In virtually every clinical setting I’ve visited over the last two decades, there has always been some kind of Standard Operating Procedures manual, or SOP. When I took a closer look, I couldn’t help but notice that they’re all about the same: usually a 2-3 inch binder filled with 40-60 hard to read pages that have been photocopied multiple times over the years and rarely updated.

And the information printed inside? Strictly clinical and operational. For instance, there are instructions for how to do a blood draw, but where are the instructions for what to say to the patient to help them remain calm? ??Where’s the “human”?

Let me explain.

Think of the Patient Experience as the two strands of a DNA chain. One strand is the clinical excellence and expertise and the other strand is service excellence. Patients measure and rate us based on their experience with both sides of the DNA strand.

They measure us on cleanliness and friendliness.

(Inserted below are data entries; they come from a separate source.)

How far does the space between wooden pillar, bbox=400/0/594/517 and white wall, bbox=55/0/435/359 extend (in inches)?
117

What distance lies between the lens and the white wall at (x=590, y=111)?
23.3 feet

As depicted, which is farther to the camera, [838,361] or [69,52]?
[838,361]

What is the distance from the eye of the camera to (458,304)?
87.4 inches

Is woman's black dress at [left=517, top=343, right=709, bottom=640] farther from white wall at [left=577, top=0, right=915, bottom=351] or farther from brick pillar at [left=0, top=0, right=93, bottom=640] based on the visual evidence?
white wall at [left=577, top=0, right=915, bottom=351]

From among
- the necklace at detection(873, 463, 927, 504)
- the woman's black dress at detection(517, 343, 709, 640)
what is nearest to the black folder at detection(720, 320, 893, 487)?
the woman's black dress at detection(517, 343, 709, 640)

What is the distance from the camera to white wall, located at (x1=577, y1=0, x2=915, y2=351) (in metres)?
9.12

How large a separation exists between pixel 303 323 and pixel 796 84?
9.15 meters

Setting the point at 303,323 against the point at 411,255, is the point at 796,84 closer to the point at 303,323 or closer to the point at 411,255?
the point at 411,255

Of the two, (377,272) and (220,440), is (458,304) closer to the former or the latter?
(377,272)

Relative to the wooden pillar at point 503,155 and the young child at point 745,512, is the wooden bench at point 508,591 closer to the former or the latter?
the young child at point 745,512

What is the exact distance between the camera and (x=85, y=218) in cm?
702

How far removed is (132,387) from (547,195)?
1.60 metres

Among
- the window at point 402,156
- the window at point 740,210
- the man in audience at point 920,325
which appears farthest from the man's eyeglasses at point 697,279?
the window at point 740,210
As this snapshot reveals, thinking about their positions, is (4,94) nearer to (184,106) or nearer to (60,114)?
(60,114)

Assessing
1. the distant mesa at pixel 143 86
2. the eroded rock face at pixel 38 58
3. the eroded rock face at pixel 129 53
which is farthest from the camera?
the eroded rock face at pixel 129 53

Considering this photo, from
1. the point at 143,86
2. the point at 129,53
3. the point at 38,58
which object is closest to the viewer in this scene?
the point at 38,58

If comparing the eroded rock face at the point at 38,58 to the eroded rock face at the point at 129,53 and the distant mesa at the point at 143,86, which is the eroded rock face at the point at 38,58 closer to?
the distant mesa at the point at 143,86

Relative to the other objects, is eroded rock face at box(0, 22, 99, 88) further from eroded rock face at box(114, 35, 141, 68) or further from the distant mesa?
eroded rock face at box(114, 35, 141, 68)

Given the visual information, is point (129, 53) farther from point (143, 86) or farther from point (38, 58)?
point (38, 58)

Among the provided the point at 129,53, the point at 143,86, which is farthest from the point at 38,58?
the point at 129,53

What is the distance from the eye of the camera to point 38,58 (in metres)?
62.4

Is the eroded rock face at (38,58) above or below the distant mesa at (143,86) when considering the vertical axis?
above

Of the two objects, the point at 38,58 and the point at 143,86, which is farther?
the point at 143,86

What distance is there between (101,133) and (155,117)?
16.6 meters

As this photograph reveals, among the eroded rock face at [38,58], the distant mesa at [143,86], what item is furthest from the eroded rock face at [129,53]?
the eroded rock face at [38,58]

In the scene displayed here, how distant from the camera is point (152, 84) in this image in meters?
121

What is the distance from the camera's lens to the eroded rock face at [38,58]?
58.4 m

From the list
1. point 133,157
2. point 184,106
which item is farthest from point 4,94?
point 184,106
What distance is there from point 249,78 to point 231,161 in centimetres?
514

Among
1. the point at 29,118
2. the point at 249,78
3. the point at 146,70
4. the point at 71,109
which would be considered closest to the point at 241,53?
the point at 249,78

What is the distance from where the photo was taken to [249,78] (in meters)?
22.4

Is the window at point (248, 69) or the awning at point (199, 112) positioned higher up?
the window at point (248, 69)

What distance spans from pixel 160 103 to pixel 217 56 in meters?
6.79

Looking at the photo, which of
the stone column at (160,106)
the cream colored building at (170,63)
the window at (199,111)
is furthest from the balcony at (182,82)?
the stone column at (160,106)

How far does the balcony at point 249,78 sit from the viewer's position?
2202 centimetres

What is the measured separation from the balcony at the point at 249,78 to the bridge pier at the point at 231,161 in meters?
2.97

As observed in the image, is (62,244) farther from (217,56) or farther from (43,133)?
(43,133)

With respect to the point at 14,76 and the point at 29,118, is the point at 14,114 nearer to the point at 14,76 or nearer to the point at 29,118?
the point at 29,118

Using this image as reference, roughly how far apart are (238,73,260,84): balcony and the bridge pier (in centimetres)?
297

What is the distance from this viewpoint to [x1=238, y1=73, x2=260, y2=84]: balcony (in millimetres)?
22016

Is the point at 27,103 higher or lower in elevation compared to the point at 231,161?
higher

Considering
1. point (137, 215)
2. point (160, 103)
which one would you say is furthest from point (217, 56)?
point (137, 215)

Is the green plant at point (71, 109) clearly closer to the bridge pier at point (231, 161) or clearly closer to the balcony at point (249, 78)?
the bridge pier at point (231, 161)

On the clinical expertise we provide and on how much kindness and courtesy is demonstrated while we treat them. On the quality of care they receive and the quality of service they perceive. And yet, our S.O.P. manuals have left half of the conversation out.

Consider one of the questions on the HCAHPS survey, which asks patients to rate how they perceived the noise level during their stay. It’s a great question, but we have no protocols around ensuring patient floors are relatively quiet at night. And of course if you look at the S.O.P., you’ll discover there’s no strategy around maintaining a quiet environment at night!

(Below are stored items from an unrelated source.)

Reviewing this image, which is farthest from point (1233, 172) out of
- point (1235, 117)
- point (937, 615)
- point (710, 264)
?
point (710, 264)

Bridging the Gap: The Departmental Playbook

In healthcare, I believe we need more than a Standard Operational Procedure book. We need something my team and I call a “Departmental Playbook.”

The Departmental Playbook isn’t intended to replace the SOP. It’s meant to enhance it. Going back to the “quiet at night” example, the SOP would give clinical and operational guidance as to how a patient needs to be cared for following treatment, surgery, etc. The Department Playbook would talk about how to maintain an environment that is conducive to that same patient’s healing.

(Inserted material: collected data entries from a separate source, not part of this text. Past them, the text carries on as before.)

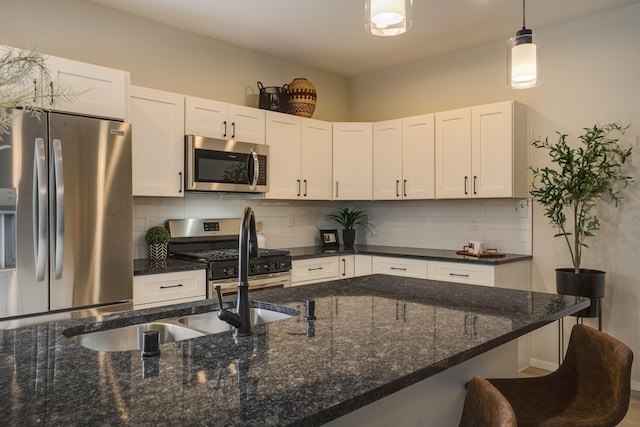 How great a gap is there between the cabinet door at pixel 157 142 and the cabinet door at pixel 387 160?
6.34 feet

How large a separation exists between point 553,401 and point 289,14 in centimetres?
313

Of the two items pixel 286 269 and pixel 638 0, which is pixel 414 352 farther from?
pixel 638 0

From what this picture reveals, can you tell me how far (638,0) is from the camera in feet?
11.4

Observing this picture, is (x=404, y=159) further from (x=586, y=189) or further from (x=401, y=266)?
(x=586, y=189)

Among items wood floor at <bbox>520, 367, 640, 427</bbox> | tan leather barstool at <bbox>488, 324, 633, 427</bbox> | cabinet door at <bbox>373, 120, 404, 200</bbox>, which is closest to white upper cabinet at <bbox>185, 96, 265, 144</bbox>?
cabinet door at <bbox>373, 120, 404, 200</bbox>

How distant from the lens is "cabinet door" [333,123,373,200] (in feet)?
15.6

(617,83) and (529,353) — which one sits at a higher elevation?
(617,83)

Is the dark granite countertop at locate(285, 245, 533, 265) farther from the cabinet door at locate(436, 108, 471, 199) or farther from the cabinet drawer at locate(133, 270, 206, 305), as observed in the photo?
the cabinet drawer at locate(133, 270, 206, 305)

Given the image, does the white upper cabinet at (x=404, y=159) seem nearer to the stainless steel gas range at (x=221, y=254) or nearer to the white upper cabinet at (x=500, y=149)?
the white upper cabinet at (x=500, y=149)

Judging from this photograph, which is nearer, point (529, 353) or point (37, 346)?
point (37, 346)

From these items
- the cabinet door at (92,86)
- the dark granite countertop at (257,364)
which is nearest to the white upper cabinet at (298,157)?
the cabinet door at (92,86)

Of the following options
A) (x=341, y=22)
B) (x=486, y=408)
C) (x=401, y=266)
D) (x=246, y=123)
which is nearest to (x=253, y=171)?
(x=246, y=123)

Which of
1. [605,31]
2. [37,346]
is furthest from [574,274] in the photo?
[37,346]

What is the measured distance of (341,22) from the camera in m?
3.86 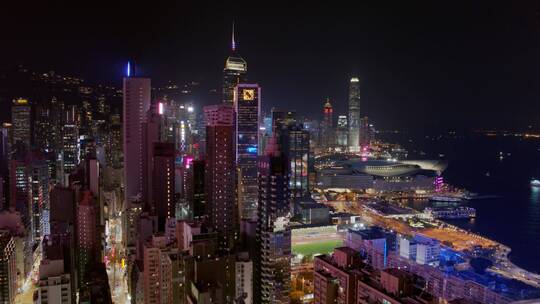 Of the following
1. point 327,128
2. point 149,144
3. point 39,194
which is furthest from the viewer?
point 327,128

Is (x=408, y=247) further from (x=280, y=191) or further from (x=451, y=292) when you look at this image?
(x=280, y=191)

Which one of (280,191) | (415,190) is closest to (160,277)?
(280,191)

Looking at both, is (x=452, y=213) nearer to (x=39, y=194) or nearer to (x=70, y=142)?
(x=39, y=194)

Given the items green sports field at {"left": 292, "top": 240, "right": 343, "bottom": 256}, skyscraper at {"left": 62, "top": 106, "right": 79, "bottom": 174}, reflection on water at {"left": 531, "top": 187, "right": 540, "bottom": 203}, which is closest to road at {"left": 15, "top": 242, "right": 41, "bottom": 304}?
green sports field at {"left": 292, "top": 240, "right": 343, "bottom": 256}

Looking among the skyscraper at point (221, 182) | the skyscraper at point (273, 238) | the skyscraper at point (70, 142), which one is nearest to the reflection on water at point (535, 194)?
the skyscraper at point (221, 182)

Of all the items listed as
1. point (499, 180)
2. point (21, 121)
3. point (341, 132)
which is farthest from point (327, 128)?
point (21, 121)

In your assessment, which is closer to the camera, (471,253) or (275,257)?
(275,257) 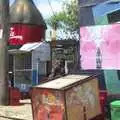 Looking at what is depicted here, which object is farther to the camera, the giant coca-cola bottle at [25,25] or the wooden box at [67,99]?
the giant coca-cola bottle at [25,25]

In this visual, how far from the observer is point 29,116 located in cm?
1550

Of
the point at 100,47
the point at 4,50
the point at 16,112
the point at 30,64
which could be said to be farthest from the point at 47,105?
the point at 30,64

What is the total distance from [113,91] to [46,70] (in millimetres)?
10829

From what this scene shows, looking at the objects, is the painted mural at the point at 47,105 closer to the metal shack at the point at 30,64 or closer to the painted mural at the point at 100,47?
the painted mural at the point at 100,47

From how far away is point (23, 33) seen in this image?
26516 millimetres

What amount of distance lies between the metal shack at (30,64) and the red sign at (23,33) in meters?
2.52

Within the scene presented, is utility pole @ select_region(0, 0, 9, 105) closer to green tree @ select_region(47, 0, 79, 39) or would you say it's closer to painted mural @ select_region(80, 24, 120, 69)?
painted mural @ select_region(80, 24, 120, 69)

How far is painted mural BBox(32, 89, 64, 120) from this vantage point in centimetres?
1165

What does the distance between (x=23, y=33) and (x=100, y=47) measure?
43.1ft

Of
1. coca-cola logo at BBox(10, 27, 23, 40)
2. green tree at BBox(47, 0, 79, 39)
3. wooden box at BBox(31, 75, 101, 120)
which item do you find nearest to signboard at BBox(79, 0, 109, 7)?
wooden box at BBox(31, 75, 101, 120)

In short, the goal of having a Departmental Playbook is to unite the DNA chain of clinical excellence and service excellence.

For every Standard Operating Procedure, a blood draw for instance, there should be a “play” that describes what happens on either side of the blood draw: what should we do and say before the procedure and after, to help calm the patient, reduce anxiety, and inject some human into the interaction.

Every department in a hospital or healthcare system should have a Departmental Playbook. This includes the clinical side of the care team (doctors, nurses, phlebotomists, imaging specialists, etc.) as well as the non-clinical side of the team (billing, security, valet parking, housekeeping, dietary or food services, etc).

In fact, for the dietary team, there should be a process for “plating the tray” and also for how to enter the patient’s room? There’s a process for getting the food ready, but there should also be a process for knowing when to assist an elderly person with opening a carton of milk.

In most of healthcare right now, it’s all business. No human. But it’s important to remember that we’re being measured on two things in healthcare: kindness and frequency … and the two things we have challenges with in healthcare are courtesy/kindness and frequency.

Imagine five doctors come to see a patient. Did they all knock first? Did they all wash their hands prior to conducting any kind of examination? One is human, the other is clinical, but to the patient both are important. Which is why we need to have a Departmental Playbook that is both clinical and human. It’s the best was to help create a culture of always when it comes to delivering exceptional patient experiences. In fact, the items in the Departmental Playbook are called “plays”, just like they are in sports. Through trial and error, employees and leaders alike record challenges or situations where they’ve developed a best practice. By recording it in the Playbook, it becomes a “play” so new employees can learn from veteran employees.

What A Departmental Playbook Looks Like

>Localizes the organizational culture
>Shows new and current employees “this is how we do things in this department”
>Helps to create a culture of always

One of our clients has created a new “Always” Play for their Playbook and I wanted to share it with you.

Their new Always Play: Walk every patient out to the front desk.

There were three main reasons why they created this play. The first, was to create a personal “fond farewell” for every patient. The second, was to ensure the patient had ample opportunity to ask questions and not feel rushed. And the third was to assist patients in finding their way through the poorly-designed back hallways of the clinic.

The challenge was for their physicians to share that new play with at least five people. Since physicians are often the last person to meet with the patient, they took the lead and shared the play with other team members. There were challenges at first as physicians and nurses got used to the different procedure. But what they found is that patients felt more confident in their follow-up care instructions, they were more inclined to ask questions as they walked with their doctor back to the front reception area, and the patients that were waiting in the waiting room saw the interaction and had a positive impression of the kind of personalized service they would be experiencing.

We’re being held accountable on a 26-question survey, which is a frequency survey, and yet we continue to throw ad hoc ideas at it in hopes that it will stick: new initiatives, new programs, etc. When all we really need is to have a department playbook so that everyone on the care team knows “this is how we do things here.”